61  Hypothesis testing

The birth problem

Hypothesis testing allows us to test specific hypothesis about a population parameter with the evidence obtained from a sample. The earliest use of statistical hypothesis testing is generally credited to the question of whether male and female births are equally likely (null hypothesis), which was addressed in the 1700s by John Arbuthnot and later by Pierre-Simon Laplace.

Let \(p\) be the population ratio (defined as the ratio of boys to the total number of babies). We hypotheses that \[H_{0}:p=0.5\] This is called the null hypothesis, which is the hypothesis we want to test. If the null hypothesis is false, we have \[H_{1}:p\neq0.5\] This is called the alternative hypothesis. How am I able to test which hypothesis is true? I can answer this question by collecting a small sample. Suppose I have collected a sample of \(50\) babies computed a sample ratio of \(\hat{p}=0.55\). Does it prove or disprove the hypothesis?

Note that the ratio \(\hat{p}\) can be regarded as a sample mean. Let \(X_{i}\) be a random variable that equals \(1\) if the \(i\)-th baby is a boy and \(0\) otherwise. Then, \(\hat{p}=\frac{1}{n}\sum_{i=1}^{n}X_{i}\). The variance of \(\hat{p}\) is given by \[Var(\hat{p})=\frac{1}{n^{2}}\sum_{i=1}^{n}Var(X_{i})=\frac{p(1-p)}{n}\] since \(X_{i}\) is a Bernoulli random variable. By the Central Limit Theorem, we have \[\frac{\hat{p}-p}{\sqrt{\frac{p(1-p)}{n}}}\to N(0,1)\] Suppose \(H_{0}\) is true, then we know the distribution of \(\hat{p}\). In particular, there is 95% chance that \(\hat{p}\) would be in the interval \[p\pm1.96\sqrt{\frac{p(1-p)}{n}}=0.5\pm0.14\] Our observed sample mean \(\hat{p}=0.55\) is not outrageous. It is well within this interval. That means the evidence is not against the null hypothesis. It does not mean \(H_{0}\) is true. But it is reasonable given we have observed a sample mean \(\hat{p}=0.55\).

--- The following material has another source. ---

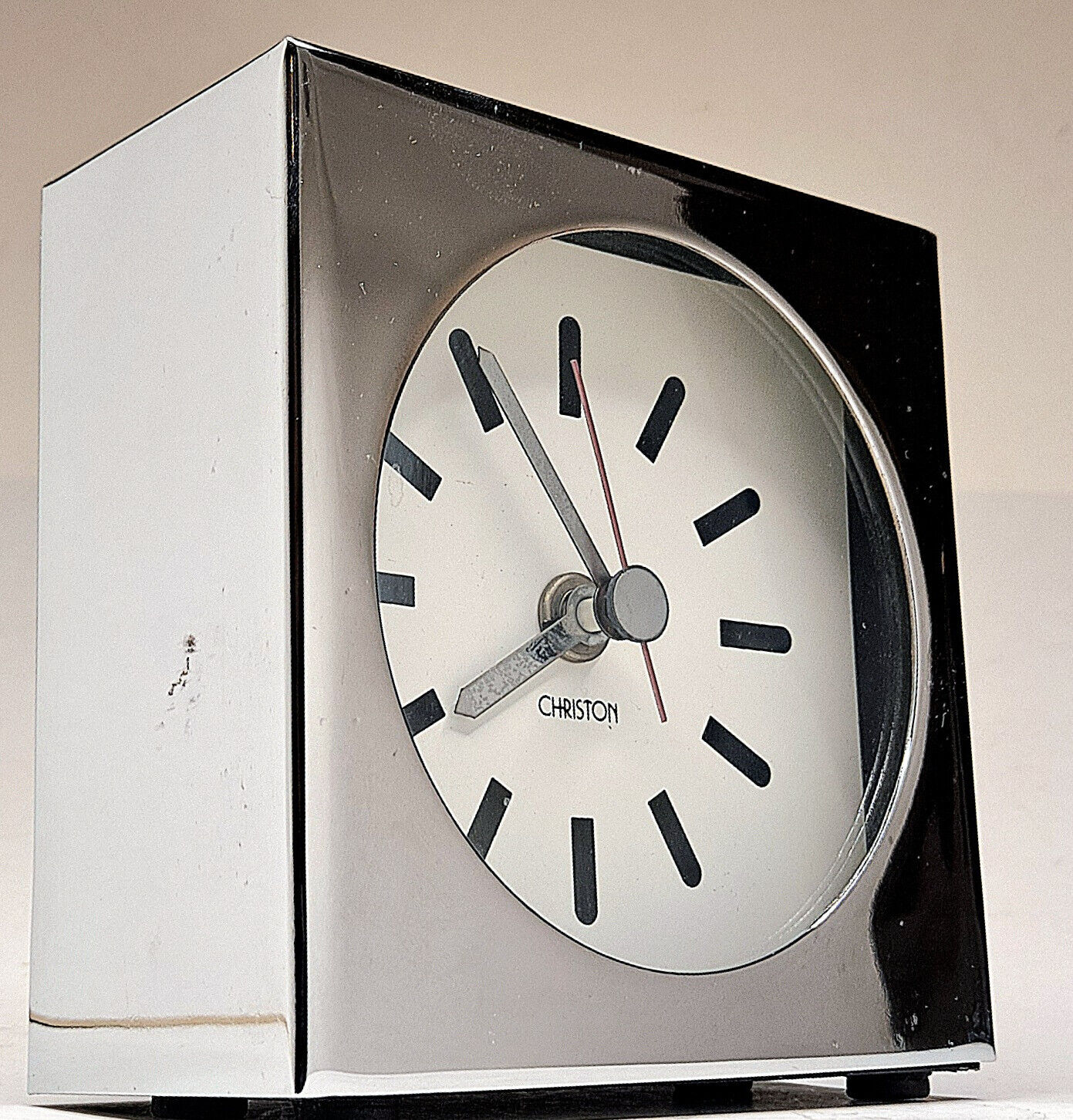 Christon MCM Vintage Chrome Clock Hettich Jeweled Transistor Electro-Mechanical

Suppose we have observed \(\hat{p}=0.65\). This piece of evidence does not seem to be consistent with the null hypothesis. Because if \(H_{0}\) is true, we only have less than 5% chance of observing this sample mean. It is extremely unlikely. Based on this sample, we are more inclined to reject the \(H_{0}\). Rejecting the null hypothesis does not mean it is false, but it means our evidence does not support this hypothesis.

Definitions

Definition 61.1 (Hypothesis testing) A null hypothesis (\(H_0\)) is a statement that there is no relationship or effect between variables. An alternative hypothesis (\(H_1\)) is the opposite of the null hypothesis. Hypothesis testing seeks to find evidence to reject the null.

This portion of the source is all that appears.